There are countless other victims like Martinez Howley, whose killers go unpunished. President Fernandez ordered an investigation into the disappearance of Narisco Gomez, but the results of the probe remain secret. In addition there is the murdered student leader Amin Abel Hasbun; the leftist leader Otto Morales, and Maximiliano Gomez, assassinated in Brussels in 1971 in what was widely denounced as a CIA operation. During the high-point of the repression under Balaguer in the early 1970s it is estimated that the death squads murdered more than 2,000 workers, students and intellectuals.

Nor has this type of repression ceased. In the first full year of Fernandez's government, there were more than 50 extra-judicial executions carried out by the National Police with none of the state killers ever punished.
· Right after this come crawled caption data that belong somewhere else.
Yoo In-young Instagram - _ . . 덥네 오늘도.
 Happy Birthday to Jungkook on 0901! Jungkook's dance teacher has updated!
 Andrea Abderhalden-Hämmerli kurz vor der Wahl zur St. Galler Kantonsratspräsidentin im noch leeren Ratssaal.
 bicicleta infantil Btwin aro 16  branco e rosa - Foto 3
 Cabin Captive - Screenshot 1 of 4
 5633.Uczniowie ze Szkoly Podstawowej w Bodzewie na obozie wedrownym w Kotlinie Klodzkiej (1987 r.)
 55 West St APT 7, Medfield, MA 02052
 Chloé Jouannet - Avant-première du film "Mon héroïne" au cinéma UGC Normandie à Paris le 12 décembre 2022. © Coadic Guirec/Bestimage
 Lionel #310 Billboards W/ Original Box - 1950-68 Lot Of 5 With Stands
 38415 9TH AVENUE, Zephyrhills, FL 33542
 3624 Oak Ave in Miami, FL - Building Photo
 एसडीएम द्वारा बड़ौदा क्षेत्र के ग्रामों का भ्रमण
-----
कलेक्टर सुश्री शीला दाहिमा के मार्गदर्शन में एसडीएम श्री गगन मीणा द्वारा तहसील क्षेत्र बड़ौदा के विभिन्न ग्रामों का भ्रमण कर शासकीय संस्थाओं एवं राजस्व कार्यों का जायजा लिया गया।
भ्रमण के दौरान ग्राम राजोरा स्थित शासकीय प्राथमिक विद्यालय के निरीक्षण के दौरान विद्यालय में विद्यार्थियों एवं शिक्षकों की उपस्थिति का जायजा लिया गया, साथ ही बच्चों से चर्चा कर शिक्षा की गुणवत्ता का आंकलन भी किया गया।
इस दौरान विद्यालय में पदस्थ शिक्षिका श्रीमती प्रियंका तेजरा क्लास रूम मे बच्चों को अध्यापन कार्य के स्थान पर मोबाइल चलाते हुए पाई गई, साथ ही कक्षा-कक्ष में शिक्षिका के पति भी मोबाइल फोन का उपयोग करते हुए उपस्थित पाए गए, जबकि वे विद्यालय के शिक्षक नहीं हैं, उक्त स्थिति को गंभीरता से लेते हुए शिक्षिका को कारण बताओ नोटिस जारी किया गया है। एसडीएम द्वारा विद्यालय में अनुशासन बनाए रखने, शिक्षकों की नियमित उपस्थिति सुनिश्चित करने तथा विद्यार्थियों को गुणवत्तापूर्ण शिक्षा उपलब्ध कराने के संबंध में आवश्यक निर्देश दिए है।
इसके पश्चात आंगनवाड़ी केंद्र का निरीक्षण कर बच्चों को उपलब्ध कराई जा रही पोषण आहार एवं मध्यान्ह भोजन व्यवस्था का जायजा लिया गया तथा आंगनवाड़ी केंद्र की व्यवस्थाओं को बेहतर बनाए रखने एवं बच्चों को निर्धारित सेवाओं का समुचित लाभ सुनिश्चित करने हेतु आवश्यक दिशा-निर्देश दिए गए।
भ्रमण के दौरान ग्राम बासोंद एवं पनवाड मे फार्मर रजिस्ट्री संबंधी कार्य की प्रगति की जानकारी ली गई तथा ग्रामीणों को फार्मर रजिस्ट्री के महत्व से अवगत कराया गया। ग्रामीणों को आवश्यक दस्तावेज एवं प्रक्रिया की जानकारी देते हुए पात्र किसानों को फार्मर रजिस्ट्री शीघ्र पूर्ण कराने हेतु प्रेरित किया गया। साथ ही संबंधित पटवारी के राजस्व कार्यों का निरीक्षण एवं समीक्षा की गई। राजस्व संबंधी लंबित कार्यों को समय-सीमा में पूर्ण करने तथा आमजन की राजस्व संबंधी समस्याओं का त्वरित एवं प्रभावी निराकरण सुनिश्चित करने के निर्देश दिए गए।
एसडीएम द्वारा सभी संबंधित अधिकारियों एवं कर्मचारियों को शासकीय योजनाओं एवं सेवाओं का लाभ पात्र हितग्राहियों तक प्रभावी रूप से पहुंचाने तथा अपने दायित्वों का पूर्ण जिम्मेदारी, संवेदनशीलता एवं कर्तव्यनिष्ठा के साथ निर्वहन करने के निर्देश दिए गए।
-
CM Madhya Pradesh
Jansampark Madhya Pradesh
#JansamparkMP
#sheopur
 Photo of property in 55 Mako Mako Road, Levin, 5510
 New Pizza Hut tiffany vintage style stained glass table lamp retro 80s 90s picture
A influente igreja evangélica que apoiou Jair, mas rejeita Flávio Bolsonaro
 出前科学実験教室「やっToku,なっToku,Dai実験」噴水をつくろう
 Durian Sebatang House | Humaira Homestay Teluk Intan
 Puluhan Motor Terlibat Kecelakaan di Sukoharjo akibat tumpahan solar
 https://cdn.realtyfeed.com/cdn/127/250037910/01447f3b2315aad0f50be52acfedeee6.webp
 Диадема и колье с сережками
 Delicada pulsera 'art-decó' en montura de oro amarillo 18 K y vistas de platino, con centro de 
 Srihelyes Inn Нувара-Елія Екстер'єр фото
Today, as under the Balaguer dictatorship a quarter of a century ago, the principal target of the repressive forces in the Dominican Republic is the country's workers and poor.

According to recent estimates, at least 65 percent of the Dominican population live in poverty. Low wages and state repression are the main attractions for foreign investment in the country, the bulk of it by US transnationals. Tens of thousands of workers, most of them women, work 10-hour days in the country's mushrooming free trade zones, where the average wage amounts to less than $70 a week. Unions in the FTZs are outlawed and ruthlessly suppressed. To escape desperate poverty, hundreds of thousands have left the country, many of them risking shark-infested waters in a desperate bid to reach Puerto Rico by sea.

The police-military apparatus responsible for the assassinations, disappearances and endemic police killings that have plagued the Caribbean country for decades is, in the final analysis, the creation of the Pentagon and the CIA. From the 1965 invasion, Washington fashioned a state that would defend US domination of the country's economy and maintain the subjugation of the working class. Massive amounts of military aid, together with military and police advisers, followed the US soldiers and Marines who occupied the island, while CIA operatives like Mitrione prepared the lists that were given to the death squads.

Thus, missing from among the defendants sentenced for the murder of Orlando Martinez Howley were not only the aged Balaguer and senior officers of the Dominican military, but a number of US political, military and intelligence officials as well.